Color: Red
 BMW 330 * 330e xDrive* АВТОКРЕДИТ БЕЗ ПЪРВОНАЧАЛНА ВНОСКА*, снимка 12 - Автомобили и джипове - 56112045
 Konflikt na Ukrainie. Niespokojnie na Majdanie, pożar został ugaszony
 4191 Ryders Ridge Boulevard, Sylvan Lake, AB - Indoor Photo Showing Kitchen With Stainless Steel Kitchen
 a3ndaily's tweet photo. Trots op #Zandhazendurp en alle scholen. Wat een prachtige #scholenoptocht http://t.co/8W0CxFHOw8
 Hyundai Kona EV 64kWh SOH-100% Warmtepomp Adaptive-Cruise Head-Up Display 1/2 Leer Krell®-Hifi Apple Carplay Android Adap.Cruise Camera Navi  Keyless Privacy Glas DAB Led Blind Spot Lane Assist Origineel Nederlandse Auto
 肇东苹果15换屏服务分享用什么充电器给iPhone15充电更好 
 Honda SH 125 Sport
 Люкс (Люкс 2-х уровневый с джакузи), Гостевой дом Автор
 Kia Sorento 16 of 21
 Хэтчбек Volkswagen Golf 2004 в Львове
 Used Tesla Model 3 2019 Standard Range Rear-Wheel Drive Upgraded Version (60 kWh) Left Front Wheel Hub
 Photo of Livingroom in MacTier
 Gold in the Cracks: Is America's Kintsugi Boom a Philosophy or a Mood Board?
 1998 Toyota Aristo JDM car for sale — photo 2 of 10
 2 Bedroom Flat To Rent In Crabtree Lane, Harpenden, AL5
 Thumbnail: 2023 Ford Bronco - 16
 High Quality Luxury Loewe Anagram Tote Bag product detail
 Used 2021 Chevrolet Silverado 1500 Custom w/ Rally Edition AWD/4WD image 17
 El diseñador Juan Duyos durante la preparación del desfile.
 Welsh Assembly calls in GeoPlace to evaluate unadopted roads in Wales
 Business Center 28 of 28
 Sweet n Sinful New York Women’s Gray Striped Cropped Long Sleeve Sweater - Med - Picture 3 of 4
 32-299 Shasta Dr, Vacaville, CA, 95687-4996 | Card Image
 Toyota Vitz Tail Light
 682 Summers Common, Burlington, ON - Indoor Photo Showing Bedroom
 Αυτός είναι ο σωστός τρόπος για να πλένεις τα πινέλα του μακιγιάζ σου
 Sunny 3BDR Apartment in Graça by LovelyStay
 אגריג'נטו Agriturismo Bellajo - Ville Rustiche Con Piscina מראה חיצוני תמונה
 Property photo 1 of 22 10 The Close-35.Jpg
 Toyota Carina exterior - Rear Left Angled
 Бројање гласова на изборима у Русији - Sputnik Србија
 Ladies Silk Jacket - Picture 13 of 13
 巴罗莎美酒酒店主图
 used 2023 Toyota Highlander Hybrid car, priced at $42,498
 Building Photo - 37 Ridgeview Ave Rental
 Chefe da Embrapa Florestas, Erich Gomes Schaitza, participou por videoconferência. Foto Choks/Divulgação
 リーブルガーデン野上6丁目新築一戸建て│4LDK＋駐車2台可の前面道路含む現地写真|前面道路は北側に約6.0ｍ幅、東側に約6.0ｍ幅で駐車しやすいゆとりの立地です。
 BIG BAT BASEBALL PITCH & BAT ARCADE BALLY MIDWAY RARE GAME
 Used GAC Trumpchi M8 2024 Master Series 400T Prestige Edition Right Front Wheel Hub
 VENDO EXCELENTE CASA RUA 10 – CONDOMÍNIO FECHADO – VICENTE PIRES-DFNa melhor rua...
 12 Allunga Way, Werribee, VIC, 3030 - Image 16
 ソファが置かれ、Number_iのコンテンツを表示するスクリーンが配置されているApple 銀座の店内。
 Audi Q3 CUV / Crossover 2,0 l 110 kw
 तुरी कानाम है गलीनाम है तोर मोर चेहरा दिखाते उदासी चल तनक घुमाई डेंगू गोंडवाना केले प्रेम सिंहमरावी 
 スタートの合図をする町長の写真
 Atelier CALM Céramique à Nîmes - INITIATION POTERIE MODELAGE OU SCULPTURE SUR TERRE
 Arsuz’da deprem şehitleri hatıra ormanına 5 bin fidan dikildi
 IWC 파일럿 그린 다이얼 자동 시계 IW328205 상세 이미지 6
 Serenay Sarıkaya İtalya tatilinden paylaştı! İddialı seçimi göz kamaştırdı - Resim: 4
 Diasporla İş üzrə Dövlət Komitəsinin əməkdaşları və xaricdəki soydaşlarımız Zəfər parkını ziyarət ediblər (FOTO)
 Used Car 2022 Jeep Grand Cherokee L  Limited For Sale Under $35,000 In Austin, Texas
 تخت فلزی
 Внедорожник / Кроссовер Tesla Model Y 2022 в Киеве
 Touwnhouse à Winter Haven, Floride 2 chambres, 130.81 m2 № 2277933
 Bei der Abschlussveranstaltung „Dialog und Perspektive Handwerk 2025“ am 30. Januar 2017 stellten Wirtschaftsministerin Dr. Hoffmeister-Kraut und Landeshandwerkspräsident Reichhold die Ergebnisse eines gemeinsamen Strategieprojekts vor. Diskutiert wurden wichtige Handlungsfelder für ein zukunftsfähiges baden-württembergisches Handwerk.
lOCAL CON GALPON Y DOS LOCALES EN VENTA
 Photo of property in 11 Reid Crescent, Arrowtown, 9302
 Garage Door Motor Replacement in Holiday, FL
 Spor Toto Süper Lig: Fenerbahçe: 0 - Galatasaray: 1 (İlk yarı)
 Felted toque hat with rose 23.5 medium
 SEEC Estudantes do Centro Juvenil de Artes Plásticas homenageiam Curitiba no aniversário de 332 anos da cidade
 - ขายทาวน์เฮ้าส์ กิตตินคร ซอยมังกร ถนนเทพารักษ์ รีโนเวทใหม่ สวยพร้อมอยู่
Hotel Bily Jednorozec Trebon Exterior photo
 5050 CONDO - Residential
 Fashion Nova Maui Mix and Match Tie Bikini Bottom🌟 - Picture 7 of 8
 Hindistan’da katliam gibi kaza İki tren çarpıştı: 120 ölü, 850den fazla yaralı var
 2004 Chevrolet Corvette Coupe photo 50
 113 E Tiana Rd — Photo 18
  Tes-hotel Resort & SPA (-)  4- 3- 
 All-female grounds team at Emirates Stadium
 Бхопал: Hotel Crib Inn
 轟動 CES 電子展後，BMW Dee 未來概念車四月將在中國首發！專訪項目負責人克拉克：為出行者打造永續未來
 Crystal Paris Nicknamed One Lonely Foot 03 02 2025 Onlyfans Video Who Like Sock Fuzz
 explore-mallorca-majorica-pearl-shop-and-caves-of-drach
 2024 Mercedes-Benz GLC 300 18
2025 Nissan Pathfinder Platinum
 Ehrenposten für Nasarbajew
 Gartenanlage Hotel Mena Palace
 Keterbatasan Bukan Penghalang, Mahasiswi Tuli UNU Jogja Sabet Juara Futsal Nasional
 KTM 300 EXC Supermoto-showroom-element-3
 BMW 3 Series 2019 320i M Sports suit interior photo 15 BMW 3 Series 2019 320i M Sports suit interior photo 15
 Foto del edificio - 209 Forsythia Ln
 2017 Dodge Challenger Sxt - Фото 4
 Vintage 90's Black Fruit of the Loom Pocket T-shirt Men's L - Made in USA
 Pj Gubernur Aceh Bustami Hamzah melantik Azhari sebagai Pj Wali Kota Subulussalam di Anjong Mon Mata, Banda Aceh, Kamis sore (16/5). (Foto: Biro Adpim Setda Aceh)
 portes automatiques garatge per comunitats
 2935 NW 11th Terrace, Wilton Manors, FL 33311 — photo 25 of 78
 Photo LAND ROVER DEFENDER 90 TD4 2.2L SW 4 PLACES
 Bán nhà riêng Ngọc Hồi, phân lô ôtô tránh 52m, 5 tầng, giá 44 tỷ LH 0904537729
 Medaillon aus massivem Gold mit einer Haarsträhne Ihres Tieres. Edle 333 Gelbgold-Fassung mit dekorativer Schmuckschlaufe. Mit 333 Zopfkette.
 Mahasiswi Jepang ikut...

Task:
Everything from the line with "Audi Q3 CUV / Crossover 2,0 l 110 kw" through the line with "Внедорожник / Кроссовер" should be written out exactly as it appears above, end lines included, and nothing outside that range.

Written answer:
 Audi Q3 CUV / Crossover 2,0 l 110 kw
 तुरी कानाम है गलीनाम है तोर मोर चेहरा दिखाते उदासी चल तनक घुमाई डेंगू गोंडवाना केले प्रेम सिंहमरावी 
 スタートの合図をする町長の写真
 Atelier CALM Céramique à Nîmes - INITIATION POTERIE MODELAGE OU SCULPTURE SUR TERRE
 Arsuz’da deprem şehitleri hatıra ormanına 5 bin fidan dikildi
 IWC 파일럿 그린 다이얼 자동 시계 IW328205 상세 이미지 6
 Serenay Sarıkaya İtalya tatilinden paylaştı! İddialı seçimi göz kamaştırdı - Resim: 4
 Diasporla İş üzrə Dövlət Komitəsinin əməkdaşları və xaricdəki soydaşlarımız Zəfər parkını ziyarət ediblər (FOTO)
 Used Car 2022 Jeep Grand Cherokee L  Limited For Sale Under $35,000 In Austin, Texas
 تخت فلزی
 Внедорожник / Кроссовер Tesla Model Y 2022 в Киеве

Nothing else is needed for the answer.